**Task goal:**
With pictures left out, output exactly the lines from the line holding "this 640×480 image." through the end of the data, both included.

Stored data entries
★ ★ ★ ★ ★ ★ ★

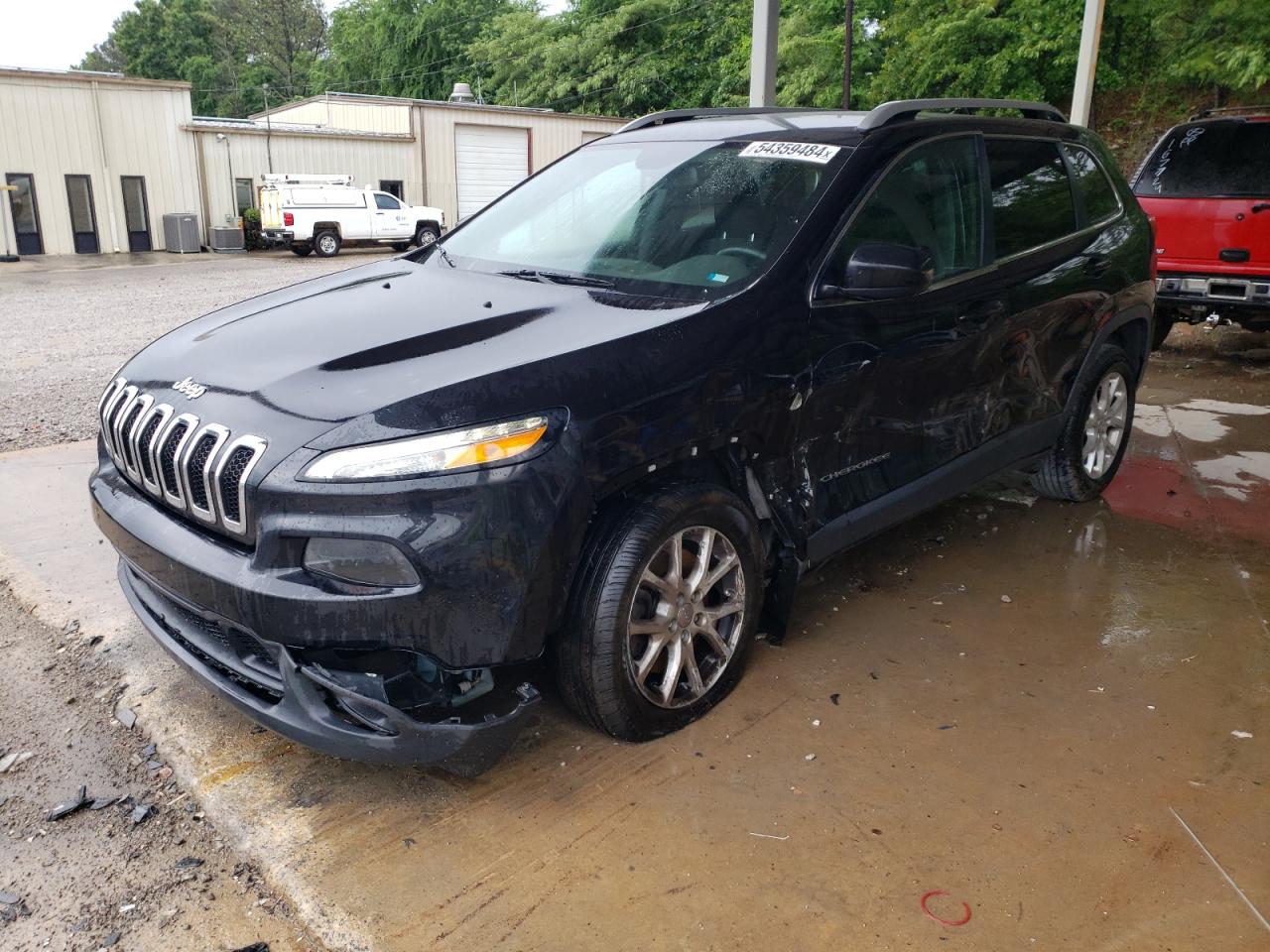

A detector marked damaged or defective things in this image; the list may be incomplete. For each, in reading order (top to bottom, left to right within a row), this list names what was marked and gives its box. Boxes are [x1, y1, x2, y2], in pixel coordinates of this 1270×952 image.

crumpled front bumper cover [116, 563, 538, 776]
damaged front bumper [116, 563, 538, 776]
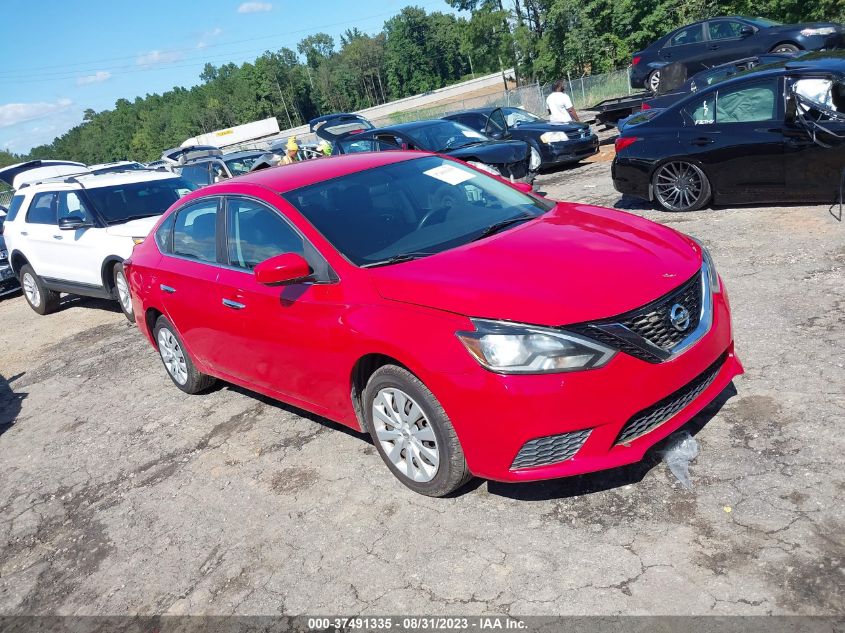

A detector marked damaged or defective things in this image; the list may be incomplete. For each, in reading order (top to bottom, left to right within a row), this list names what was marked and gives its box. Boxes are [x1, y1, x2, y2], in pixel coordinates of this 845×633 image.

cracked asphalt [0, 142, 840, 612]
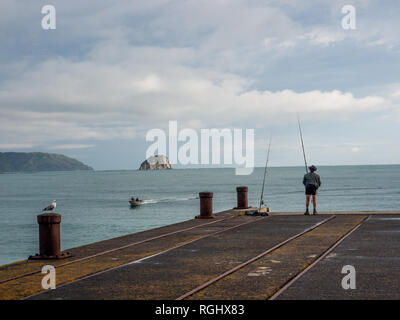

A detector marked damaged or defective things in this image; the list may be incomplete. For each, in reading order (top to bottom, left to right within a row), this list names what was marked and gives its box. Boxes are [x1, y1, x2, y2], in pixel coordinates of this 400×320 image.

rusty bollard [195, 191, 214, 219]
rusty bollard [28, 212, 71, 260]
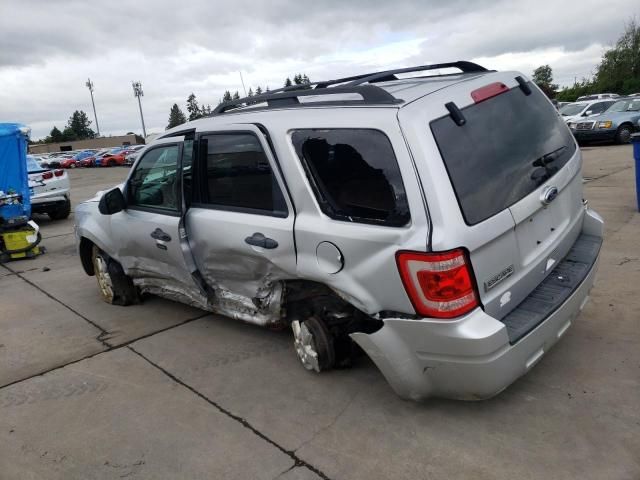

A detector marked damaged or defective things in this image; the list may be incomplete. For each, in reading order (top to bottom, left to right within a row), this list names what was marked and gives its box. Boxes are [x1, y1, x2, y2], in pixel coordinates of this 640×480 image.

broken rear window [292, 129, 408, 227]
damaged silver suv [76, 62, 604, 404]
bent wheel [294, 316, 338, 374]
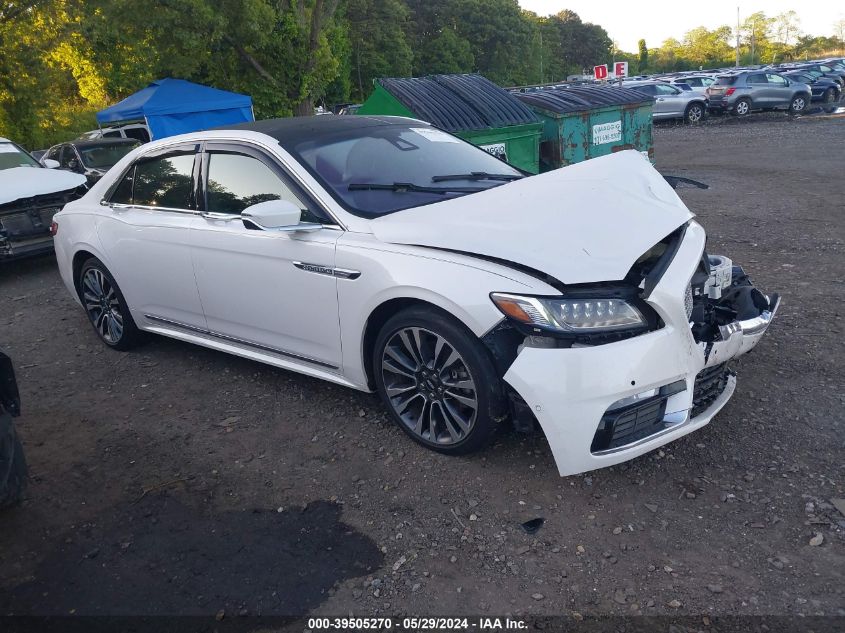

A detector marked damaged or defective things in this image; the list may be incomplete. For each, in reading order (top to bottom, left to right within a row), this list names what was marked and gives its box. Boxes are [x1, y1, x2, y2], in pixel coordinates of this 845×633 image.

★ ★ ★ ★ ★ ★ ★

**Answer to this exercise:**
A detector marked damaged or defective things in this image; the list may be incomplete. For each, in reading order (top to bottom, left to right within a row), this list names what was marked and gives its box. Boxes are [x1, y1, x2, y2], in pixel coordinates of this 640×480 image.

broken rear window [292, 129, 408, 227]
damaged silver suv [76, 62, 604, 404]
bent wheel [294, 316, 338, 374]

A detector marked damaged or defective things in this image; the list may be incomplete. For each, in reading order (top to bottom, left to right within a row), this list names what was marked and gives its box. Boxes are [x1, y1, x2, y2], in pixel coordinates of this 845×633 image.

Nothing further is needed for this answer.